Raab: Here again, with decision support we're looking at the system that can be characterized either for its power or for its throughput. What are you trying to do? Are you trying to bring all of the power you have to resolve a single problem as quickly as possible, or are you trying to resolve many problems and as many of them as possible in a certain unit of time, and that would be throughput. So those two aspects are different and are different enough to warrant their own separate metric.

Shanley: And these factors are balanced in the price performance metric?

Raab: They both participate to the price performance metric, that's correct.

Stephens: This is another one of the infamous spectrums. You give two customers the same system, the same amount of disks, the same amount of CPU, mips, same amount of memory and so forth, and one will attempt to solve a particular problem very, very rapidly and the other will attempt to solve as many problems as he can in the time that he's got. The car analogy is a great one. You can take the same engine and with the transmission make the car go very, very fast or make it pull a trailer that's very, very heavy. Same issue. And what we tried to do is address that entire range and not make a judgment as to which is more valuable, which is why they contribute equally to the price performance result. And then it's up to the customer to decide where in that spectrum he falls.

Shanley: Let's talk about some comments that have come in saying that performance on this benchmark has a lot to do with query optimization and indexing capabilities. Could you explain?
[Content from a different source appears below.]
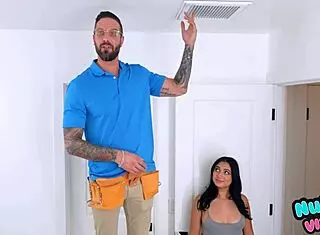 OPHELIA PURR TEACH HOW TO HANDLE CAULK!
Raab: Whenever you submit a query to a database, there are a lot of ways to go about getting the data. The real challenge for the product developers who are going to use this benchmark to characterize their software is to make sure that they're making intelligent choices for the person who's asking the question. And part of that is when to look at the raw data and when to look at the index. And another is what order to look at the tables. If you're going to have to look at five tables to get an answer, do you look at them 1-2-3-4-5 or 5-3-4-2-1? How do you combine intermediate results? And all of that falls under the sort of broad category of query optimization. How do I go about taking the high level questions being asked in the SQL and breaking it into discrete actions? That's one of the real differentiators that will separate out products in decision support and in this benchmark. Another way to put it, one way that I like to look at it, is that query optimization is how can the RDBMs take best advantage of all the hardware resources available? And I think, to elevate the debate on this just a tad, this is really what this benchmark will ultimately measure: how well the software can take advantage of the hardware that it runs on, and with new hardware architectures, how will the RDBMs be able to adapt to them.

Stephens: I think that's absolutely it. It's a question of, when you phrase a query, you're telling the RDBMs what you want to do, and it's up to it to understand the data and the hardware and software that's available to know the best way to get you what you want to know.
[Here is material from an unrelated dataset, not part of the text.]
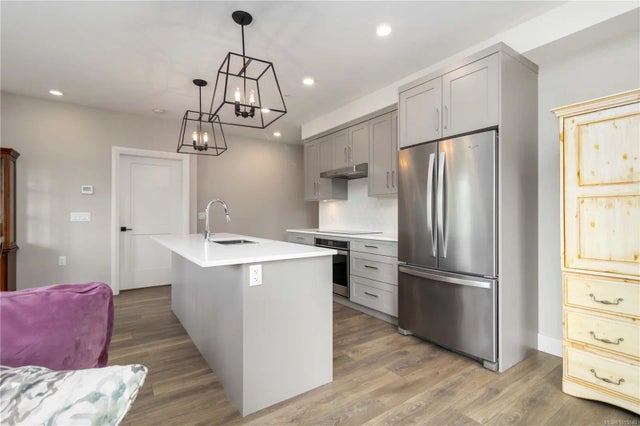 4 of 47 - 741 Travino Lane 204, Saanich, BC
Shanley: I/O performance has also been mentioned as having a major impact on results. Any further comments on the I/O side of things?

Raab: It's a very I/O intensive benchmark, but so were all the OLTP benchmarks very I/O intensive. I think it's I/O intensive in different ways, though. The I/O patterns are different and therefore it will stress the I/O subsystems in ways that they have not been stressed in the past.
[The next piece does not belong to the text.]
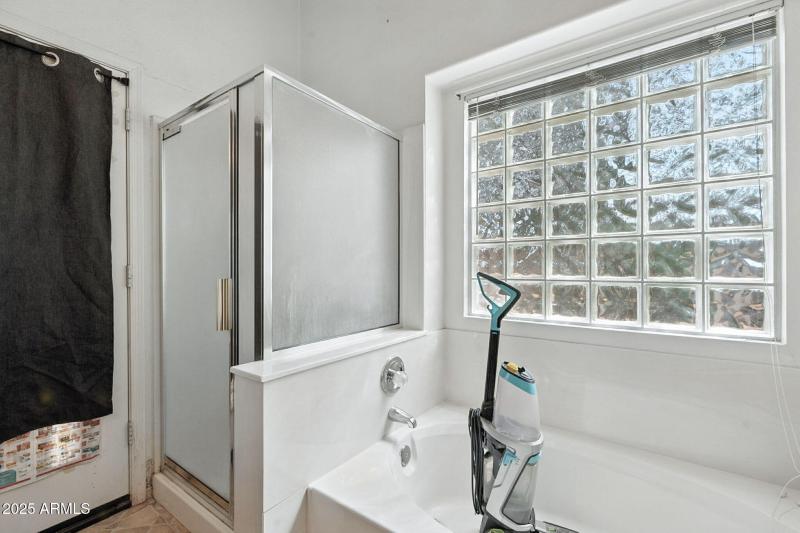 30-web-or-mls-Quartz-30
Stephens: Database benchmarks by definition have a serious and substantial I/O component. If you can't get the data to the CPU, the CPU can't do intelligent things with it. But in the case of OLTP where you were going out and getting singleton records randomly selected, "Go give me account 7, 700, 7,000, and lots of them very rapidly," that was one I/O pattern. In decision support, it's "Go get all of them." That's a very different I/O pattern. It may be that in the course of an hour they move the same amount of data, but the assumptions you make, the optimizations you make, the design tradeoffs that you make for one versus the other are very different, and it will be interesting to see how different systems react.